Pero su ira me interrumpió por completo.
“Este hospital no es una organización benéfica, Vanessa”, espetó. “No tenías derecho a tomar esa decisión. ¡No operamos a personas que no tienen nada! ¿Quién va a pagar esta factura?”
El pasillo se quedó aún más silencioso, si es que eso era posible. Solo se oía el pitido de las máquinas. Mi corazón latía con fuerza en mi pecho mientras todos se giraban para mirarme, esperando mi reacción.
“Le salvé la vida”, dije, con voz temblorosa pero firme.
“Y te has cobrado tu carrera”, respondió con frialdad. “Estás despedida”.
Y así, sin discusión. Sin segunda oportunidad. Estaba acabada.
Ni siquiera recuerdo haber salido del hospital. Mi mente daba vueltas, una neblina de incredulidad nublaba cada pensamiento. Había pasado años abriéndome paso a través de la escuela de medicina, a través de horribles pasantías y residencias, soñando con este momento en mi carrera.
Solo para que me lo arrebataran porque me atreví a salvar a una mujer que a nadie más le importaba.

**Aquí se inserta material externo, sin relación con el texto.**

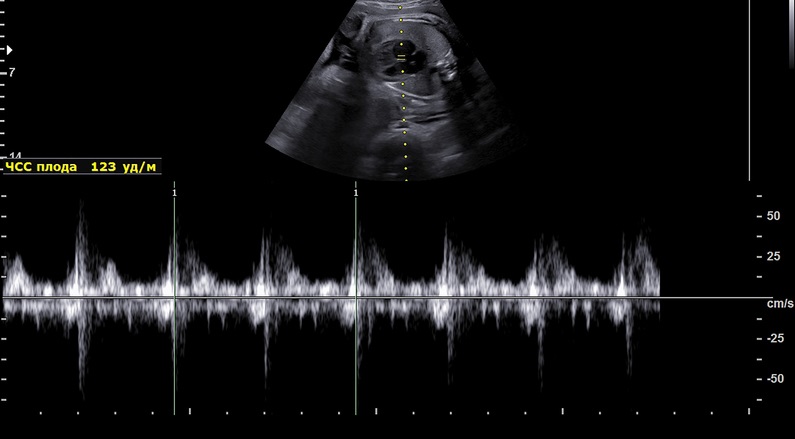 USG vyšetření srdeční frekvence u plodu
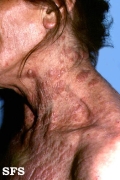 mycosis fungoides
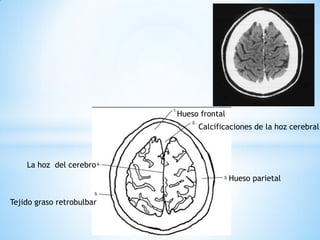 La hoz del cerebro 
Hueso parietal 
Hueso frontal 
Tejido graso retrobulbar 
Calcificaciones de la hoz cerebral  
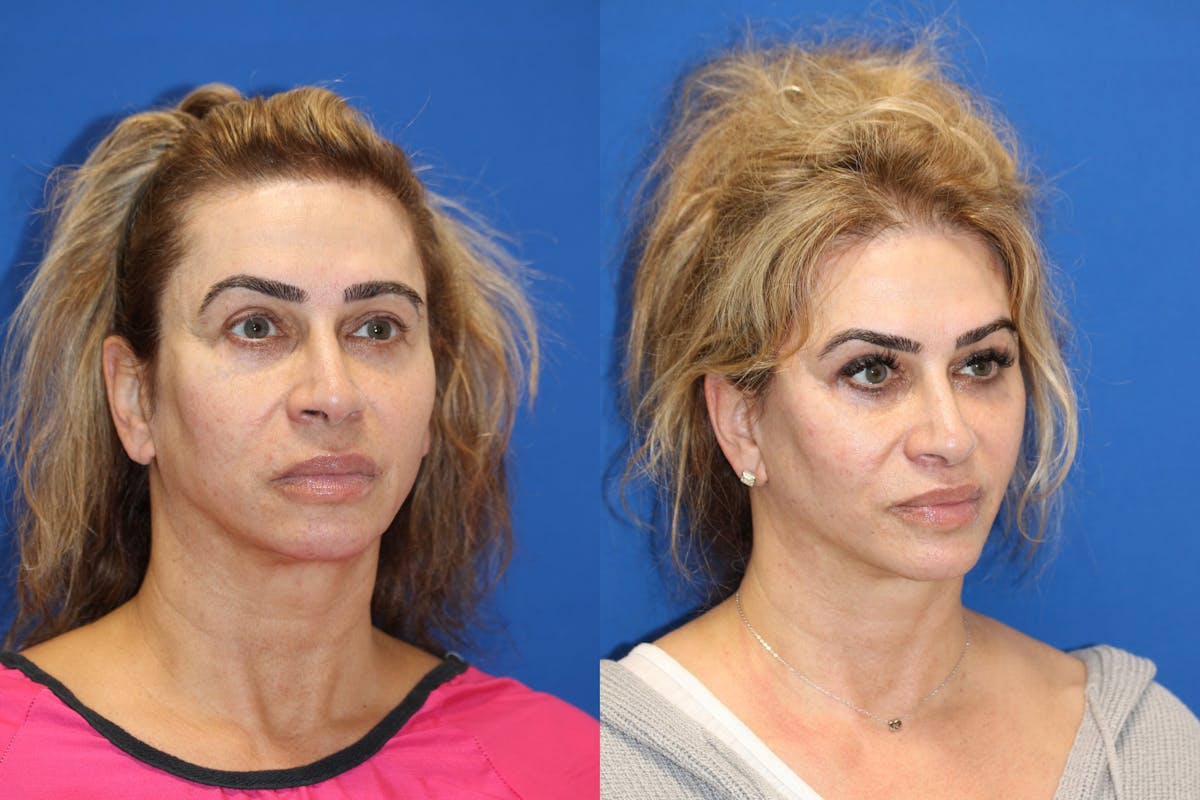 Vertical Restore® / Facial Rejuvenation Before & After Gallery - Patient 153265720 - Image 4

“Toma tus cosas y vete”, dijo. “Haré el papeleo necesario y lo enviaré”.
Y se acabó.
Me fui a casa, completamente incapaz de dormir. Mi cerebro daba vueltas en torno al mismo pensamiento: ¿valió la pena?
¿Había hecho lo correcto? ¿O simplemente había desperdiciado todo mi futuro en una causa sin esperanza?
“No, Vanessa”, me dije.
Me dije a mí misma en voz alta: “No hay vida que se salve si la causa es desesperada”.
Me senté en la cama y bebí un poco de té, sintiendo que mi corazón se hundía aún más.
A la mañana siguiente, sonó mi teléfono.
Era el hospital, pidiéndome que fuera.
“¿Dr. Hughes?”, me llegó la voz a través del teléfono. “Es Riley, el asistente del Dr. Harris. Solicita que vengas urgentemente”.
Mi orgullo estaba herido y quería ignorarlo todo. Pero la curiosidad me pudo.
“No lo dijo, solo que era urgente”.
¿Por qué me devolvió la llamada después de despedirme de una manera tan pública y humillante?
“Entra, Nes”, me dije a mí misma mientras me metía en la ducha. “No tienes nada que perder. Literalmente nada”.